Our first app: One month on the iOS App Store - jwhelan
http://log.burningrobot.com/post/15352652288/one-month-on-the-ios-app-store

======
ajlburke
Congratulations! I went through a similar process with my first app as well. A
few things I'd recommend:

\- Use appfigures.com and appannie.com to track your sales and rankings. They
provide much nicer reports than those provided by Apple. Also, they'll tell
you if reviews come in, and even translate them for you. I'm personally
addicted to the hourly ranking updates from AppFigures.

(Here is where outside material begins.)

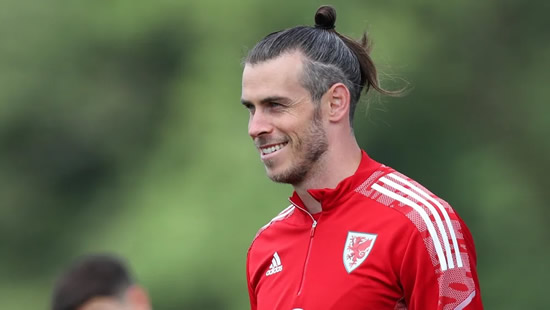 'I feel wanted' - Bale loving life at LAFC after Real Madrid exit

\- Never stop promoting. Do something (even if it's something small) every day
to raise awareness. Getting on the front page of Hacker News is an excellent
start! But don't stop there.

\- Get a 'press kit' of screenshots and descriptions to send to popular app
review sites and tech writers etc. Many will ignore you, but the hits are
worth it. A great review in AppAdvice completely turned around my app's
fortunes.

\- Don't bother with AdWords - at least at the start. Generally the price per
click and the conversion rates won't support the revenue you would get from an
app sale. Some people spend big on AdWords to push their rankings, but that's
not a reliable way to make money.

\- Expriment with pricing. Price changes are quick and easy to make. Don't be
afraid to raise your price. You might be pleasantly surprised by the result.
And if it doesn't work out, you can lower it again. I found I got fewer cranky
reviews when my price was higher. but YMMV.

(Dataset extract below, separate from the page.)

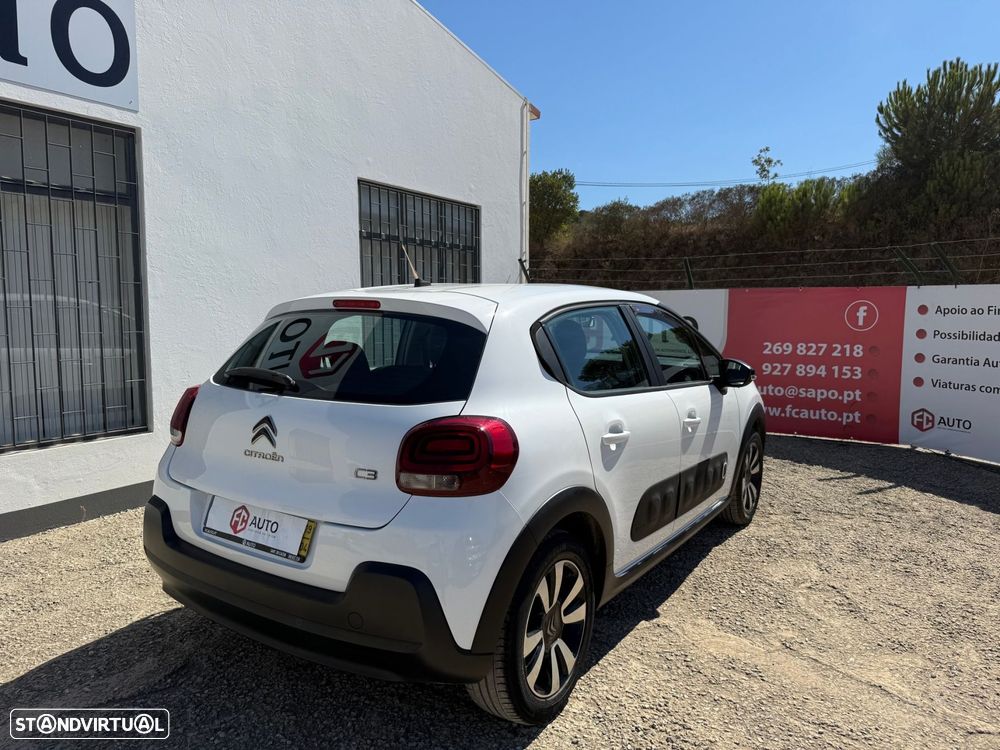 Citroën C3 1.2 PureTech Feel - 9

\- Continue writing honest reports about your app's progress. We see so many
news items about huge successes and huge failures, it's a good corrective to
see how a 'normal' app fares.

\- Work on your next app. I just launched my second app in the store and while
I'm still not making enough to live on, it's great to get twice as much money
coming in.

\- Have fun. Building something of your own and selling it is great. You might
start resenting your day jobs, though.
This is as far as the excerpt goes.